Start of Block

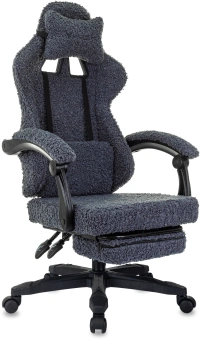 Кресло игровое Knight Lord/F темно-синий экомех крестов. пластик подст.для ног - купить недорого с доставкой в интернет-магазине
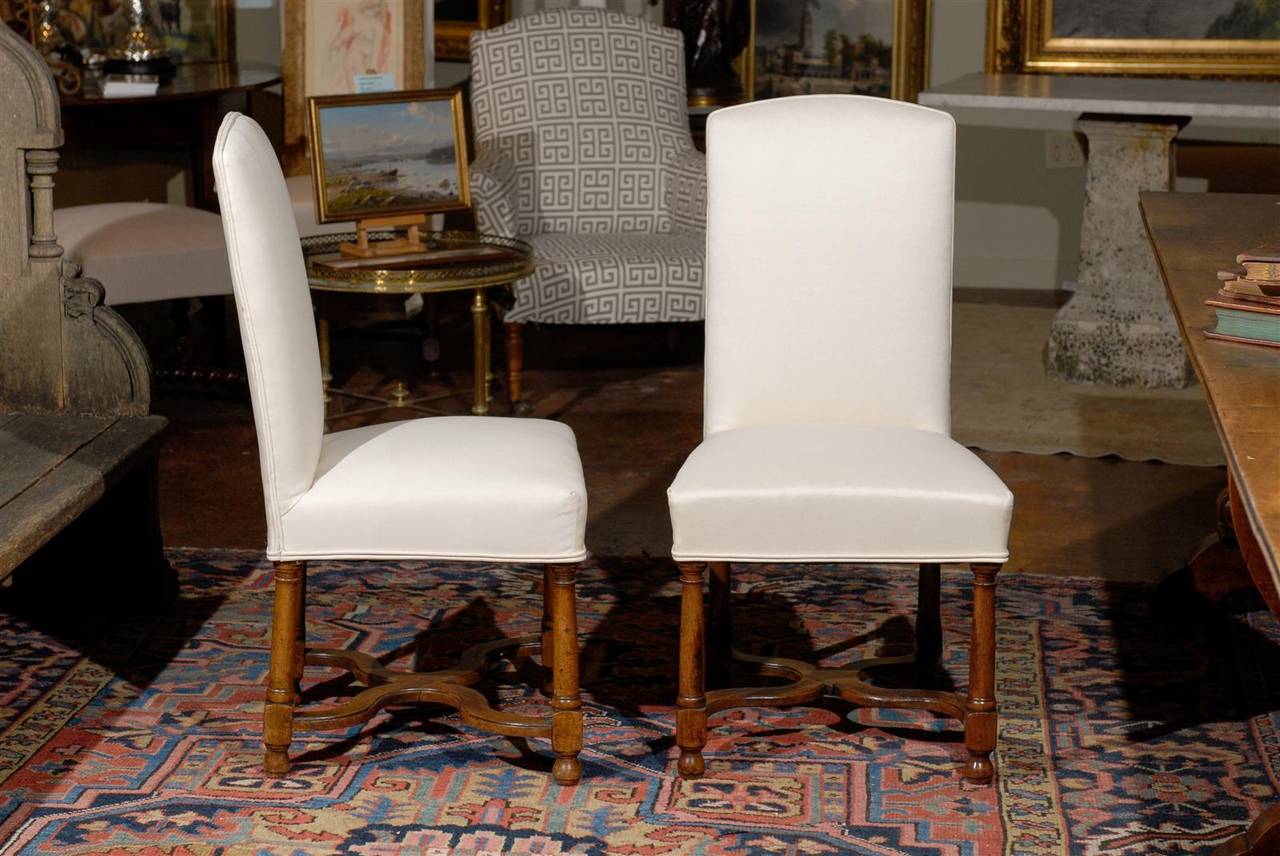 Set of Eight Louis Philippe Style Walnut Upholstered Dining Chairs In Excellent Condition In Atlanta, GA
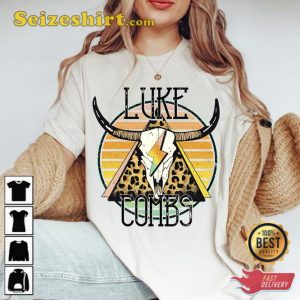 Vintage Luke Combs Western Shirt Boho Cow Skull Tee Shirt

End of Block

> [TASK OBJECTIVE] Give the data again exactly, without pictures.

> [COMPLETED EXERCISE]
 Кресло игровое Knight Lord/F темно-синий экомех крестов. пластик подст.для ног - купить недорого с доставкой в интернет-магазине
 Set of Eight Louis Philippe Style Walnut Upholstered Dining Chairs In Excellent Condition In Atlanta, GA
 Vintage Luke Combs Western Shirt Boho Cow Skull Tee Shirt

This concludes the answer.